WHAT IS NEEDED ▸ Restate only the tail of the data below, starting at the line that contains "36 jean paul" and including the last line, word for word.

Segment Start: AVAILABLE RECORDS

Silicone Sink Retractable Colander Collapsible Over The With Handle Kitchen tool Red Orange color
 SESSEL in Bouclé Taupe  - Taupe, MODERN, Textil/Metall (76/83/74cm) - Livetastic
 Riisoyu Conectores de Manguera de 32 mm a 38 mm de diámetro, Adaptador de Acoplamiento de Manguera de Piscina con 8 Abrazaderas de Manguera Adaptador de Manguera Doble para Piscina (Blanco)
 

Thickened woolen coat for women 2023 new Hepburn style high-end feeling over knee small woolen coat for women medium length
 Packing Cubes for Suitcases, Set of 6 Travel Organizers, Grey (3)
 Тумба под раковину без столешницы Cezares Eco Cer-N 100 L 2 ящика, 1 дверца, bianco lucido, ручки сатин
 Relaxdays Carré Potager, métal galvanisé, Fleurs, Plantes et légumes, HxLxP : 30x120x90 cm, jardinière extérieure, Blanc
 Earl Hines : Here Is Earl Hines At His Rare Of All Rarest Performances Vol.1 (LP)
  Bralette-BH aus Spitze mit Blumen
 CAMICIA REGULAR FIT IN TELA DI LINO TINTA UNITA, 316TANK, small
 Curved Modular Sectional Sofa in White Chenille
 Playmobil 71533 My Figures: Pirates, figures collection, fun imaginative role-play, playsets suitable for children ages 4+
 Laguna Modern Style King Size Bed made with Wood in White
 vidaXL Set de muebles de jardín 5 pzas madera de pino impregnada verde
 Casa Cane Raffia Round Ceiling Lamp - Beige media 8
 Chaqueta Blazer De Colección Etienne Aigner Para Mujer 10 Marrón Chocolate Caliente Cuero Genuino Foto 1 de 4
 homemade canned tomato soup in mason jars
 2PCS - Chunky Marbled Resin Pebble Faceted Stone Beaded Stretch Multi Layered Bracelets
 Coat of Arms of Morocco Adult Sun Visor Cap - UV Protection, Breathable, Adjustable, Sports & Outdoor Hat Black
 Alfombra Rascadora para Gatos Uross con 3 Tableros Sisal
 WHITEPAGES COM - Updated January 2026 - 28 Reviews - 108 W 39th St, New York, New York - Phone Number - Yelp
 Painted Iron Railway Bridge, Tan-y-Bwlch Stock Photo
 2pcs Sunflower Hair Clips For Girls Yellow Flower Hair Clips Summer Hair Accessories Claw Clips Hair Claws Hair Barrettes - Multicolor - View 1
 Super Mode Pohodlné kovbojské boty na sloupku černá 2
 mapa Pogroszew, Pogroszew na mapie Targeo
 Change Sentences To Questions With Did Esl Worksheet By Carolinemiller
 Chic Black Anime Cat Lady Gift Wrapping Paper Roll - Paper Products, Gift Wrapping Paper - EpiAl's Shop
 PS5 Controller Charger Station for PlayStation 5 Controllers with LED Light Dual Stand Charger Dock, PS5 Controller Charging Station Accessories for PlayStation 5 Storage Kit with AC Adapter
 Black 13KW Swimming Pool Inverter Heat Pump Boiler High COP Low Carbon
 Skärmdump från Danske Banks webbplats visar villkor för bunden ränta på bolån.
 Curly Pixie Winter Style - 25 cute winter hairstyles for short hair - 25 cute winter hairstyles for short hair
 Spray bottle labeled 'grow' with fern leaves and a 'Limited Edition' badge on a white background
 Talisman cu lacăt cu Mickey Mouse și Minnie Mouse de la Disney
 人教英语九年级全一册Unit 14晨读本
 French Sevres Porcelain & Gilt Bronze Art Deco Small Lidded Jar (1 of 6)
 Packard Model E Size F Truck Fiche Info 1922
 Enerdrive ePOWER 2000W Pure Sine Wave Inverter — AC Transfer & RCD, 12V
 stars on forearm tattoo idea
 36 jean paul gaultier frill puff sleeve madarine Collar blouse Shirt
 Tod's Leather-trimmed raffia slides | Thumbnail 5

Segment End: AVAILABLE RECORDS

TASK RESPONSE ▸
 36 jean paul gaultier frill puff sleeve madarine Collar blouse Shirt
 Tod's Leather-trimmed raffia slides | Thumbnail 5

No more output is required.